Wolverhampton in the 1970s staggered along with rising unemployment and seemed to me to possess an underlying threat of violence. The place was suffering – economic death by a thousand cuts – and by the time the Tories came to power in 1979, hell-bent on changing the social and economic outlook of the once-great industrial heartlands of the Black Country, most of northern Britain was finished; the collapse of the industrial working class and the north–south divide of Thatcherism had well and truly begun.
As a six- and seven-year-old, I’d watch the news of factories shutting, car plants closing, the oil crisis and the first miners’ strikes. Even at that age I was aware that this wasn’t business as usual, but it didn’t give me sleepless nights. I was too busy with my newfound love of sport. Whether it was football, rugby or cricket, it all came fairly easy to me, and I guess that sport was also an enjoyable release from overly zealous, annoying teachers. Football was my obsession; morning, noon and evening I’d be out in our road, in the park, or driving my parents mad, hammering the ball against the garage door. Slightly introverted and on the shy side, I was wary of people until I got to know them, and was not much of a conversationalist. Instead, I lost myself in sport and my other passion – music.
Later on I captained the school football team and played for the area and district teams. Football was my life. Aged 14, I was lucky enough to have trials with my hometown club, Wolverhampton Wanderers. I’d been training in their youth set-up and had been on a couple of tours with them, including a memorable trip down to London where we played the borough of Hackney, coincidentally my home for the past 16 years. We had stones and bricks thrown at us from the touchline, and the match was suddenly called off after 30 minutes.

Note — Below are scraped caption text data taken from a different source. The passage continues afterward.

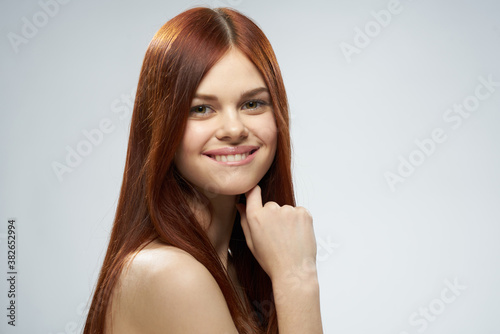 beautiful red-haired woman naked shoulders cosmetics long hair glamor light background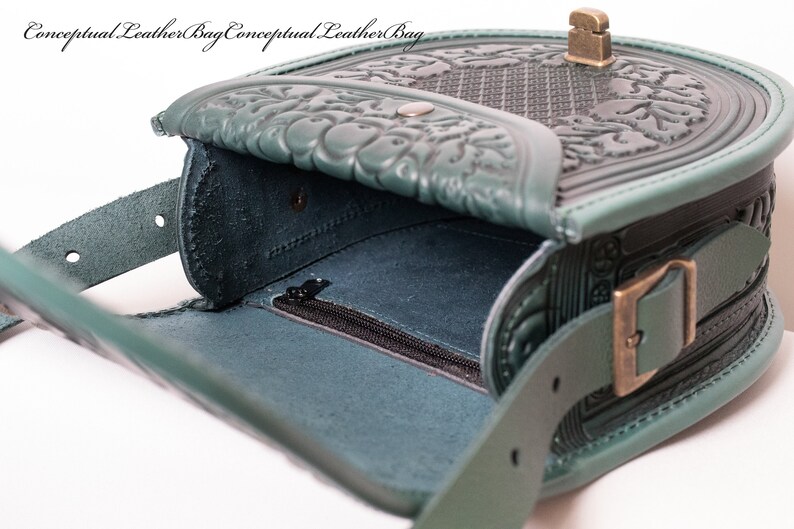 May include: A teal green leather bag with intricate embossed floral designs. The bag has a flap closure with a metal buckle and a zippered pocket on the inside.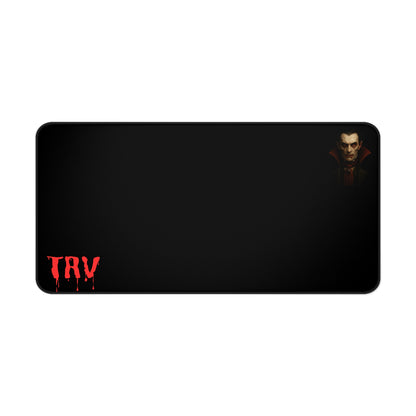 Vampire blood drip desk mat with vampire portrait design, black and red color scheme, ideal for gaming or office use.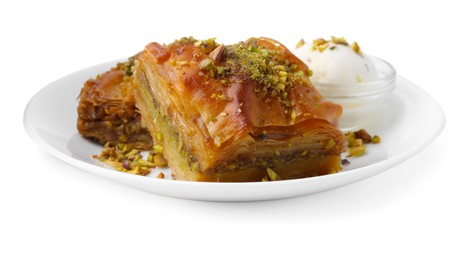 Tasty baklava with chopped nuts and scoop of ice cream isolated on white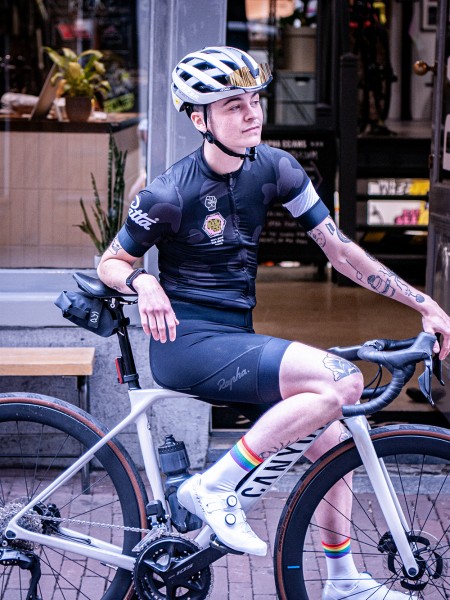 Portret van wielrenner Sebastien Sutherland: heeft tatoeages en een wielrenoutfit aan, zit op een wielrenfiets met een helm op en kijkt naar rechts 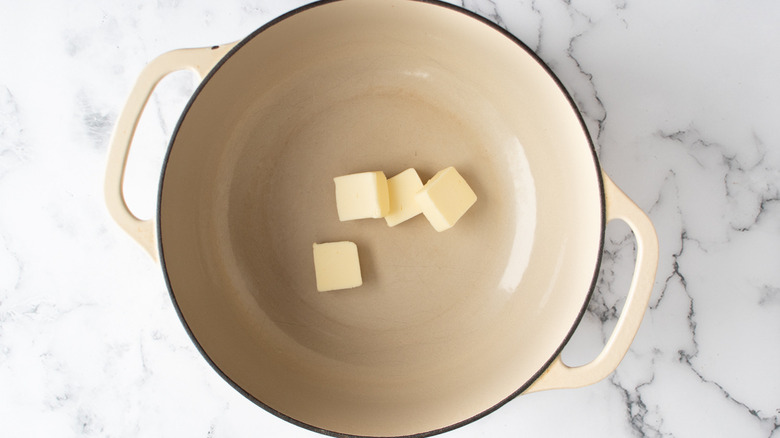 butter cubes in Dutch oven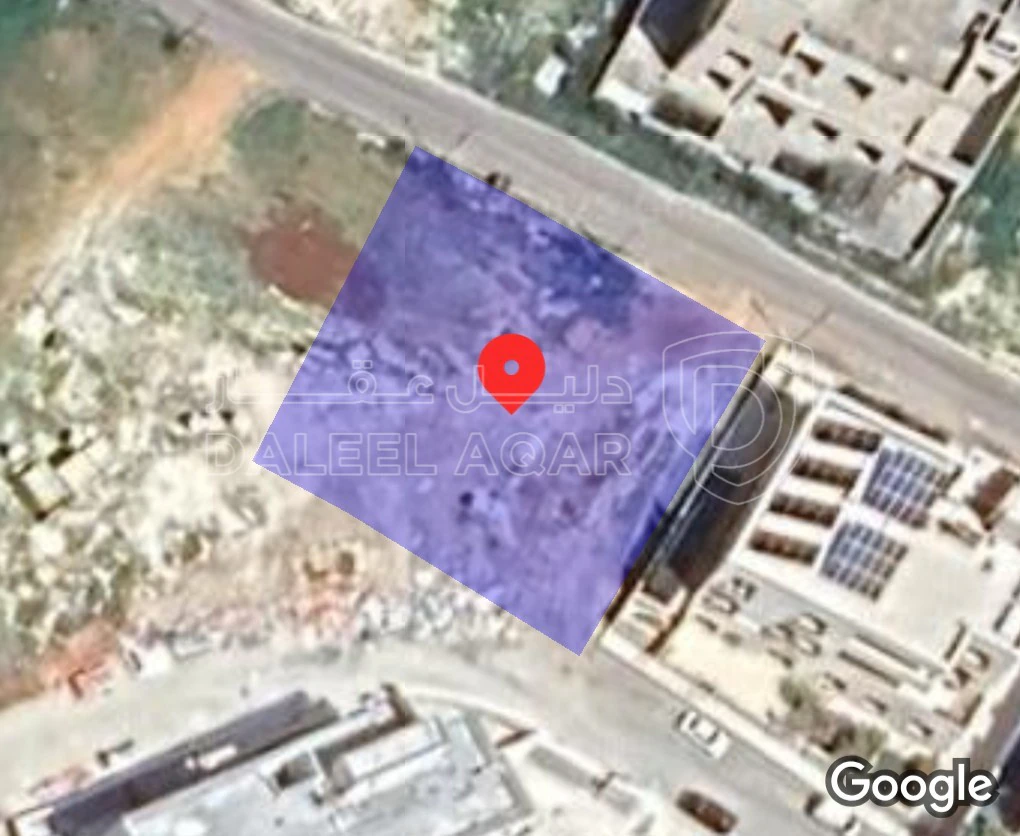 أرض في خلف مدارس العالمية، قريبة من شارع المطار  - 470,000 دأ - صورة 1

I didn’t make the grade for Wolves. I remember the coach coming round to my house, sitting me down in front of my mum to break the upsetting news. It hit me hard, the first time I’d failed at something.
But my childhood was happy for the most part, except for losing both my maternal grandparents at the end of the decade, my grandfather dying six months to the day after his wife; married at 18, they’d been together for over half a century before both bowing out at three score years and ten. I was particularly close to my cousin Stephen. Four years older than me, he was cool, played the guitar and was into New Romantic bands, particularly David Sylvian and his group Japan. I didn’t see him as much as I’d have liked, and by the time he reached 18 I’m sure he didn’t want to be seen hanging round with this spotty 14-year-old with braces.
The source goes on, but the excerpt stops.